Rentrée des classes à l’école primaire, quand je n’étais pas encore Oncle Phil mais juste mini Phil, la maîtresse demande à tous les enfants de se présenter et de dire ce que font leurs parents dans la vie: « Et toi, mini Phil? Qu’est-ce qu’il fait ton papa? » lance-t-elle d’un ton excessivement interrogatif. « Mon papa, il est artiste! » lui réponds-je avec fierté. Mauvaise réponse, selon l’enseignante:

– Non, pas son hobby! Son métier. Ce qu’il fait pour gagner de l’argent.

– Mais… il est artiste. Artiste peintre et graveur! C’est ça son métier à mon papa!

Perplexe, l’instit’ fait une drôle de moue et passe à la tête blonde suivante. Cet incident sera probablement abordé lors de la prochaine rencontre avec les parents, afin de déterminer l’exactitude de la catégorie socio-professionnelle en conformité avec les usages officiels établis dans le plan d’étude FRIPRUFL 1992 (mini Phil était déjà ‘old school’ à l’époque).

Quelques années plus tard, mini Phil devenu Oncle Phil se retrouve face à un assureur doté d’un jargon technocratique étoffé.

– C’est quoi votre profession?

– Sociolinguiste.

– …

– ou linguiste tout court si vous voulez.

– d’aaaaccord… mais comment dire… vous êtes encore aux études ou bieeeeeen… ‘fin vous voyez c’que j’veux dire, hein?

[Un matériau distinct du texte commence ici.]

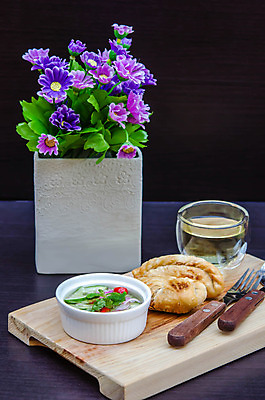 포토 JPG 해외이미지 전통 아시아 문화 고추 나선형 요리 동양인 사람없음 목재 치킨 튀김 껍질 아침식사 인도인 굽기 향신료 유기농 매움 반죽 퍼프 서빙 레시피 카레 말레이시아 싱가폴 점심식사 입가심 페스츄리 핸드메이드 맛있는 해외202004 해외포토 외국인 나무 웰빙 나라 음식 빵 무늬 채소 재료 인종 식사 맛 구이 닭고기요리 향미료 파일형식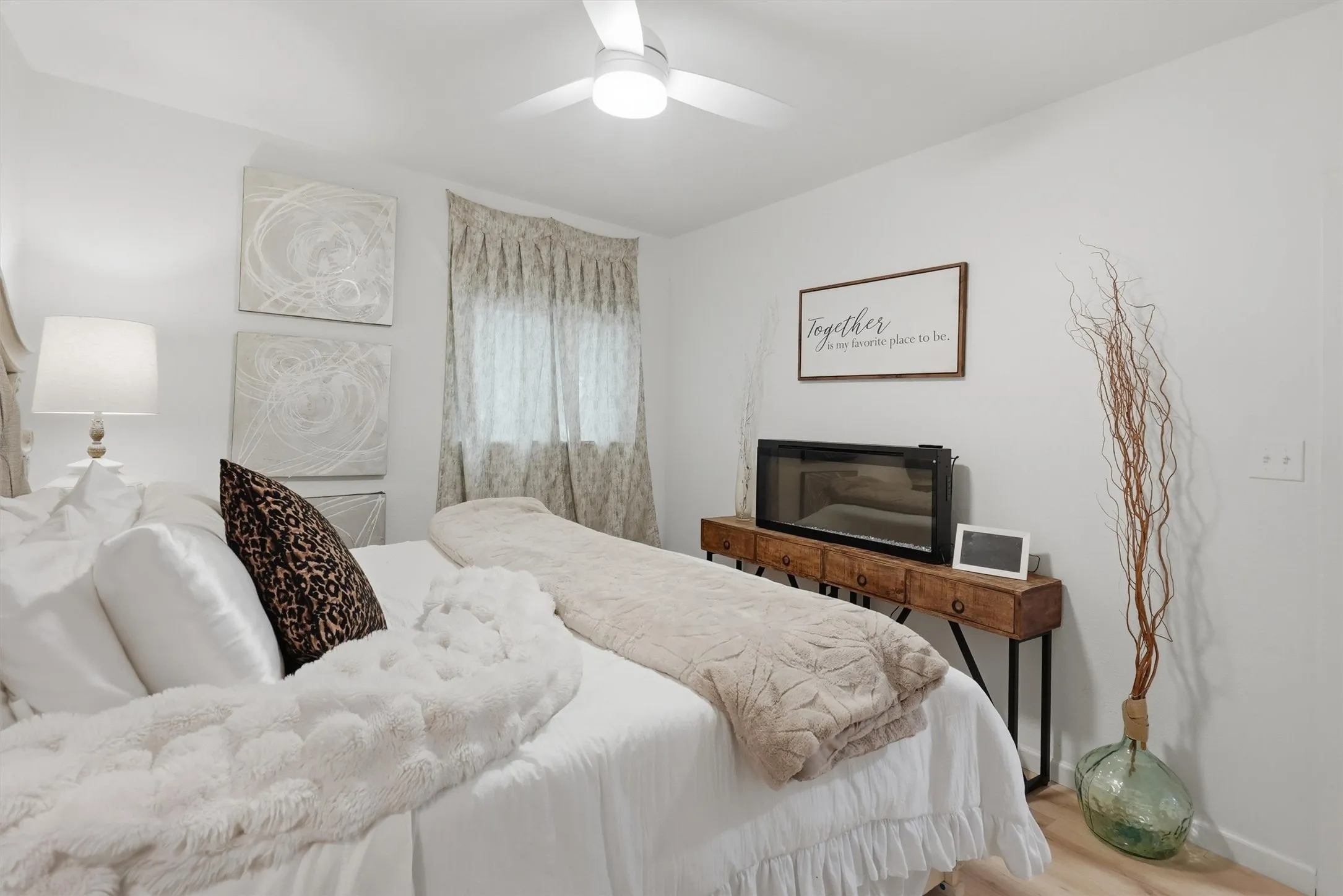 Single Family Residence For Sale in Hood County , 803 W Bluff Street, Granbury, Texas 76048, 3 Bedroom, 2 Bathroom, Garage spaces, 1,100 Sqft, built in 1958, mls#21386333, Real Estate Agent in Granbury, Homes For Sale in Hood county, Homes For Sale in Granbury, Realtor in Granbury Texas, Real Estate Brokerage Independent Realty Texas, Luminita Cordes Realtor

– j’écris un doctorat en parallèle, mais je suis sociolinguiste, oui. Vous pouvez mettre « chercheur » sinon. Ou « collaborateur scientifique ».

– ça va si j’mets « professeur des universités »? Y a ni « linguiste » ni « chercheur » dans ma liste.

– euh… ce n’est pas vraiment la même chose.

– ben j’ai qu’ça qui est comme ça qu’vous dites!

– mmmmh… Alors mettez plutôt « artiste ». Ça fera l’affaire.